Loading the training and testing data sets

training <- read.csv(file="train.csv")

testing <- read.csv(file="test.csv")

The data set has 81 variables and 1460 observations. The first variable represents a correlative number. The target variable is SalePrice which represents the property’s sale price in dollars.

Removing outliers

According to the following paper, it is clear that there are outliers.

http://www.amstat.org/publications/jse/v19n3/decock.pdf

The below figure shows the scatter plot of Sales Price versus GRLivArea (Above grade (ground) living area square feet). Houses with more 4000 living area square feet indicate outliers. These outliers will be excluded from the analysis.
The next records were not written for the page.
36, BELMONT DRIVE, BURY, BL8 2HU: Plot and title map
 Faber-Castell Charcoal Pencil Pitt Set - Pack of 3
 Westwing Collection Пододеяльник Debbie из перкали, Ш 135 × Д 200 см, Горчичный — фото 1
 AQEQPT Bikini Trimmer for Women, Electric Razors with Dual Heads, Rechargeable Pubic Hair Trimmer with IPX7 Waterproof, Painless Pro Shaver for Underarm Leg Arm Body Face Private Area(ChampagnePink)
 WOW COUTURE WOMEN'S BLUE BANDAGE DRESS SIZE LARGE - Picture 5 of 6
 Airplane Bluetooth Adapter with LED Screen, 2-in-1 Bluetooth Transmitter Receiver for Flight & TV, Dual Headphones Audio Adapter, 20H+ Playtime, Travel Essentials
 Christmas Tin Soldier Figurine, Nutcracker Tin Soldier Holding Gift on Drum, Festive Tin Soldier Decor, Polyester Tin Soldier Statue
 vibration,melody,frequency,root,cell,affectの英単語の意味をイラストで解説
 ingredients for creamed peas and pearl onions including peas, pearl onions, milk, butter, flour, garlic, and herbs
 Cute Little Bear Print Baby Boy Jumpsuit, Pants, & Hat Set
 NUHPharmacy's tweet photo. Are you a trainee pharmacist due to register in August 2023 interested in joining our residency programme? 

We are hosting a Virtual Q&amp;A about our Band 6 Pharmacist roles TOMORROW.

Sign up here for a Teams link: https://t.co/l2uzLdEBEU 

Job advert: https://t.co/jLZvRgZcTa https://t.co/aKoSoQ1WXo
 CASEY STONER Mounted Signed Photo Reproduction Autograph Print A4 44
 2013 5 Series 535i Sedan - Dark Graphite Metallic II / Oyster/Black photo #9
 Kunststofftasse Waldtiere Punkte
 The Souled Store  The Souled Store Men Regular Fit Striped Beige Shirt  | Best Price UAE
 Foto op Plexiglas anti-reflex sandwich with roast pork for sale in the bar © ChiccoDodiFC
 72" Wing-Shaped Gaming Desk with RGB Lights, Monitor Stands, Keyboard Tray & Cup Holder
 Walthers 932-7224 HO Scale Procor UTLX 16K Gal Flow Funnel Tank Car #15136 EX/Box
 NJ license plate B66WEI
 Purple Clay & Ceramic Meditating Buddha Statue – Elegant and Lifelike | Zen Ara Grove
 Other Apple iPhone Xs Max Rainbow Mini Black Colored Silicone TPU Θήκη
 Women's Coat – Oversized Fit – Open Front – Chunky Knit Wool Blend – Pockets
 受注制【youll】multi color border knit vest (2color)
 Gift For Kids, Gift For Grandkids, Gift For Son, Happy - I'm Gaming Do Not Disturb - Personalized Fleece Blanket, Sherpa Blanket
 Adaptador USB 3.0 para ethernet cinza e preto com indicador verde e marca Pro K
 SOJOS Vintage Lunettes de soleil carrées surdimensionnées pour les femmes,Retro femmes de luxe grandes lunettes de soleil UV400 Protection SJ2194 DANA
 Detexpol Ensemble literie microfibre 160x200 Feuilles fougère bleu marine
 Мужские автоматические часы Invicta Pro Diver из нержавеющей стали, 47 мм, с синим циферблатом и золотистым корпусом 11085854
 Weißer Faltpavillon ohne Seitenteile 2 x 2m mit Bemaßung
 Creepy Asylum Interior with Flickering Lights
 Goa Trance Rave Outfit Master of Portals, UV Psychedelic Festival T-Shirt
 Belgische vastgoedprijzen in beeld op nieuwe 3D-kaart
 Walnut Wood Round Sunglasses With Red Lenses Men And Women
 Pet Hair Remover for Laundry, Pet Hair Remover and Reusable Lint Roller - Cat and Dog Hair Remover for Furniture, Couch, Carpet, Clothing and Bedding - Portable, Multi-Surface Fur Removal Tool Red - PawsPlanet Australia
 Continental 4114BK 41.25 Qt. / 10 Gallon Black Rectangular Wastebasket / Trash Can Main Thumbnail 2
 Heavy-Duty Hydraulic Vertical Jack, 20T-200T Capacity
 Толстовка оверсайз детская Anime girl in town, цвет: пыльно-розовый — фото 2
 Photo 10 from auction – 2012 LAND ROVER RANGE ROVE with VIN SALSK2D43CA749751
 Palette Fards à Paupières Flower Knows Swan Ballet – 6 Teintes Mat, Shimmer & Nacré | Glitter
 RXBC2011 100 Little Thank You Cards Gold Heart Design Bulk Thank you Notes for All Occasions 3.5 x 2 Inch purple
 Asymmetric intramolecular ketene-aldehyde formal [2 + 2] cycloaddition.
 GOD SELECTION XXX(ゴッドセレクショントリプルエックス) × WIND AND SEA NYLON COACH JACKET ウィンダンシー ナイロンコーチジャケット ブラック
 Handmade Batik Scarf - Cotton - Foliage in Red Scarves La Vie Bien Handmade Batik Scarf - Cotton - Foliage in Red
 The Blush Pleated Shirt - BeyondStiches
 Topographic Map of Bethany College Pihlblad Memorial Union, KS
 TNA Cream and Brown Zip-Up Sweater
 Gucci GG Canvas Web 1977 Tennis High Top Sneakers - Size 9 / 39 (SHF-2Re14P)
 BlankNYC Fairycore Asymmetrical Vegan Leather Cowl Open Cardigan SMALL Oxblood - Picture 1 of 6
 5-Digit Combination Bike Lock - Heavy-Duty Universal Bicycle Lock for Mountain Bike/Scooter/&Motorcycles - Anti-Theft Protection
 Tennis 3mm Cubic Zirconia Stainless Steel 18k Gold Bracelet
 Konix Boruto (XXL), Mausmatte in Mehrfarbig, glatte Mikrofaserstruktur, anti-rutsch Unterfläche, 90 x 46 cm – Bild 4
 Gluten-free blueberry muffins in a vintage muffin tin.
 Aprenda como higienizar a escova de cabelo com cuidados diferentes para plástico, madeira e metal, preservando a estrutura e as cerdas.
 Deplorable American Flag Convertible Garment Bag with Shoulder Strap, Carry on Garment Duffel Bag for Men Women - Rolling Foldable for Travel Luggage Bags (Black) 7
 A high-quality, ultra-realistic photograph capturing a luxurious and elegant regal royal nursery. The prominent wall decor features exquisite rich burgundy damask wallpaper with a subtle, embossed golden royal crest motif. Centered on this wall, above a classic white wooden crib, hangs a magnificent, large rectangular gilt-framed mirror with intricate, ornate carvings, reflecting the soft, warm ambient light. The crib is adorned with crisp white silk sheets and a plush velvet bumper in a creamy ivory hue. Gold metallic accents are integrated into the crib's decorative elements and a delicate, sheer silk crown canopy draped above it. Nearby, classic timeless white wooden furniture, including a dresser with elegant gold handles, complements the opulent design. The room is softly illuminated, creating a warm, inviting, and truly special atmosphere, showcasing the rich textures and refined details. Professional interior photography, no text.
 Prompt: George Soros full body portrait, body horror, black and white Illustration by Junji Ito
# We exclude any house with more than 4000 square feet from the 
# data set. 

training <- training %>% 
            filter(GrLivArea < 4000)

Simple linear regression model

We split the data set into 2 parts: training data (90%) and testing data (20%). We use GrLivArea as predictor, since that this variable is good explanatory variable for the variable target Sale Price.

inTrain <- createDataPartition(y = training$SalePrice, 
                               p = 0.90, 
                               list = FALSE)



train <- training[inTrain, ]

test <- training[-inTrain, ]

With the following instruction tune the model.

model <- lm(SalePrice ~ GrLivArea, data = train)

The output of the model is:

model <- lm(SalePrice ~ GrLivArea, data = train)
  
kable(summary(model)$coef, digits=4)
Estimate Std. Error t value Pr(>|t|)
(Intercept) 12215.0814 4658.8909 2.6219 0.0088
GrLivArea 111.9363 2.9472 37.9809 0.0000

The terms of the model are significant. To evaluate the model according to the root-mean-squared-error (RMSE) between the logarithm of the predicted value and the logarithm of the observed sales price in the testing data, we use the following code:

pred.test <- predict(model, test)

rmse <- sqrt( sum( (log(pred.test) - log(test$SalePrice))^2 , na.rm = TRUE ) / length(pred.test) )

The rmse between the logarithm of the predicted value and the logarithm of the observed sales price in the testing data is 0.2708674.

Predicting with the simple linear regression model

To generate the submission file, we use the following code:

pred.testing <- predict(model, testing)
submission <- data.frame(Id=testing$Id, SalePrice=pred.testing)
write.csv(submission, file="submission001.csv", row.names = FALSE, quote=FALSE)

The result of this submission file on Kaggle was a RMSE of 0.28854.